Every year I am the recipient of forwarded e-mail chains from people who believe that we are on a slippery slope to somewhere unpleasant, in danger of losing our national identity, and vulnerable to communism through the replacing of the words “Merry Christmas” with the words “Happy Holidays”.
Me? I try not to get involved. Go ahead. Wish me something pleasant! I will wish you the same. My Jewish friends wish me a Merry Christmas, and I wish them a Happy Hanukah. And when there’s a crowd, a loud and heartfelt “Happy Holidays!” blankets the whole group in sincere bonhomie.
Unless you want to fight about it, wherein a general “up yours, heathen” is always popular.
I’m thinking, though, that if everyone wants to get worked up – and I’ve nothing against a good lather! – I suggest we contact the makers of the Toddler
ABC program for iPad, whose “A is for Apple, B is for Ball” schtick includes the brow-furrowing “X is for Xmas”.
I kid you not.
X is for Xmas?! Well, why not? Don’t you remember the little baby X born in the manger?
X is for Xmas. Hmm. I would’ve much preferred “X is for Peds Xing”, but no one asked me.
So maybe there is a group of people trying to change not only the meaning of the season but our words and how they come about.
It’s not the guy in the red suit at the Salvation Army kettle hollering “Happy Holidays everyone!”, it’s the makers of “Toddler
ABC” who see nothing wrong in using a written shortcut as a real word.
I saw an advertisement for “cubeicles” yesterday. Now, I’ve worked in a cubicle – which, from the picture, is what they were talking about, so why the misspelling?
Our long-distance carriers want us to ask our friends “Where you at?” clearly leaving us vulnerable around the not-ending-a-sentence-with-a-preposition thing. Why do they want us to look bad?
And now we are legitimizing the word “Xmas”.
I think we’ve all come to the same conclusion here, haven’t we?
Marketing is trying to kill us. Better for them that the hand holding the wallet be un-encumbered with the ability to communicate.
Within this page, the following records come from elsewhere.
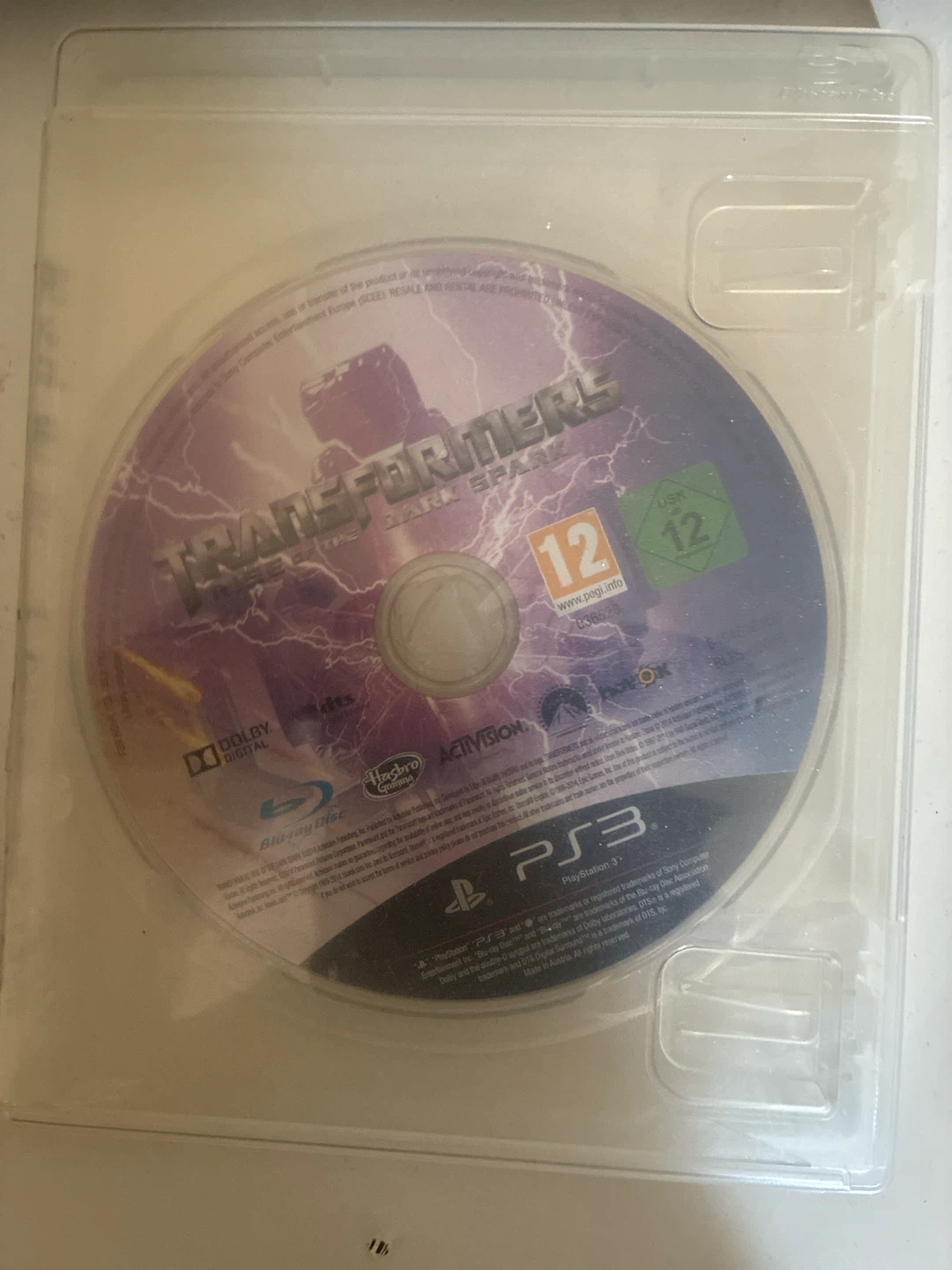 Ps3 Games (contact for more information)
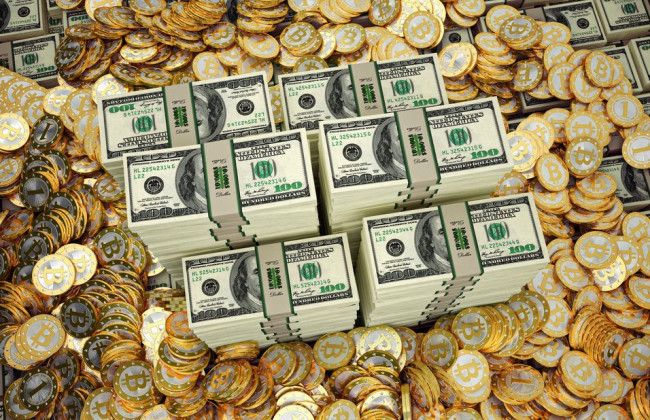 Отмывание денег с помощью криптовалюты: в ЕС сообщили важную информацию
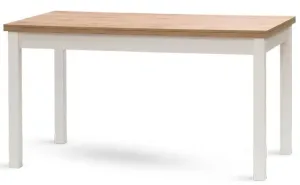 STIMA Jedálenský rozkládací stôl W21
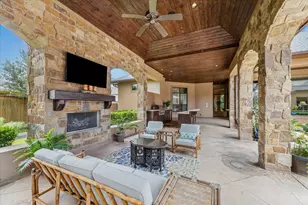 7611 Morgans Pond Ct, Spring, TX 77389 - Photo 32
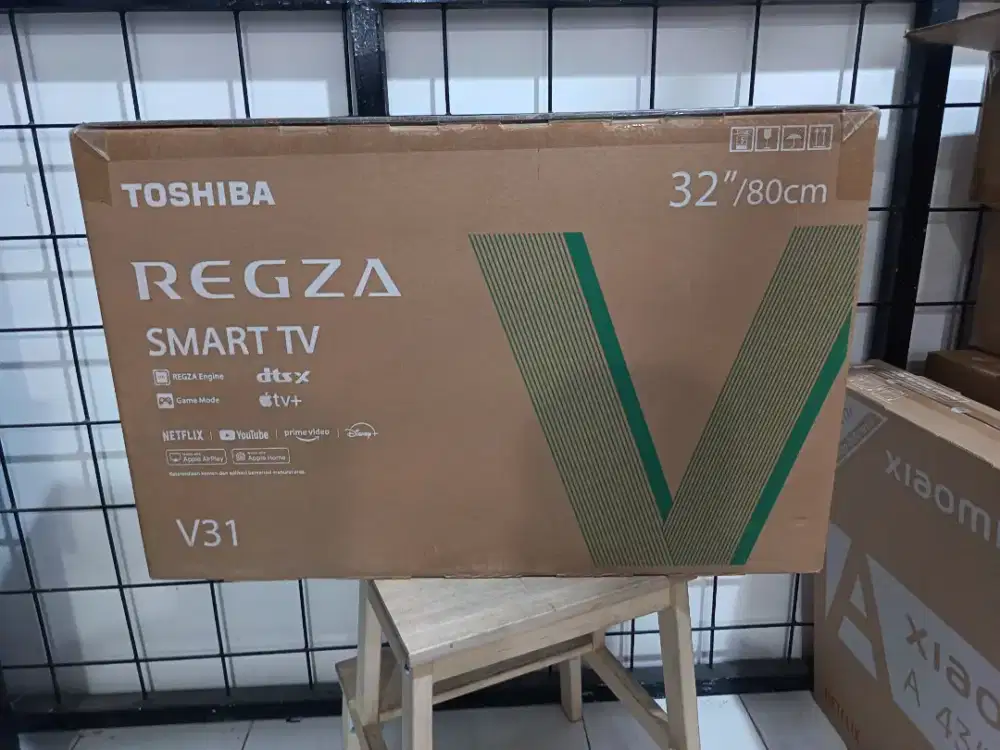 Toshiba Smart TV 32 inch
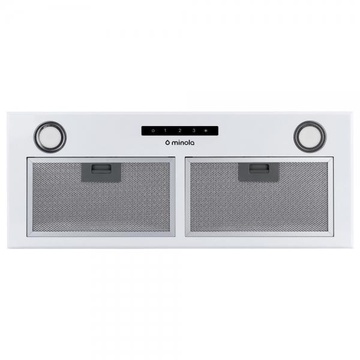 Minola HBS 7652 WH 1000 LED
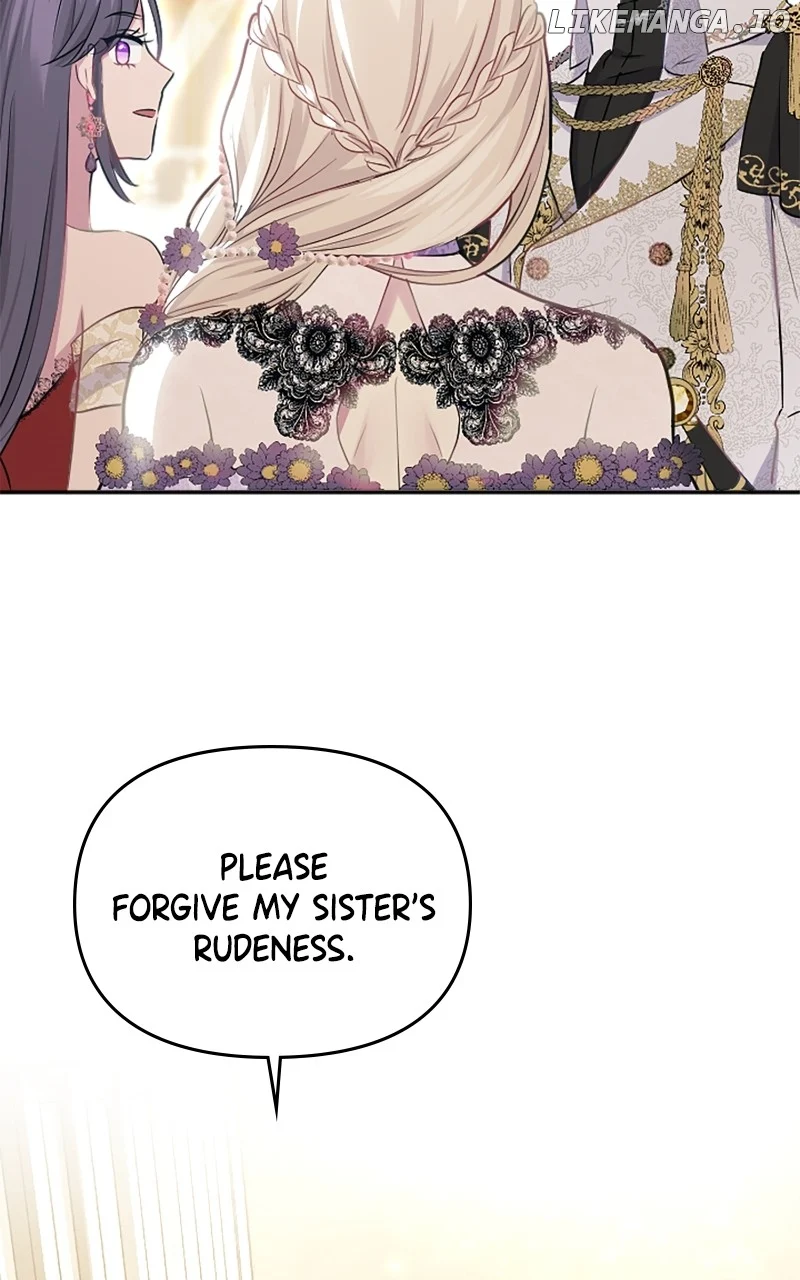 Your Highness i Decide My Fate chapter 13 page 91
Why talk when you can spend?
Let’s all pledge to each other: this coming year, we will look up a word in the dictionary. We will use that word, we will love it, we will take it out, we will introduce it to our friends. We will learn the words of our friends, find how they mesh with our own, find the subtle meanings within the meanings and marvel at how the nuance of a word can change intent.
There is nothing wrong with mastering a language.
This message brought to you by the people who believe that words mean things.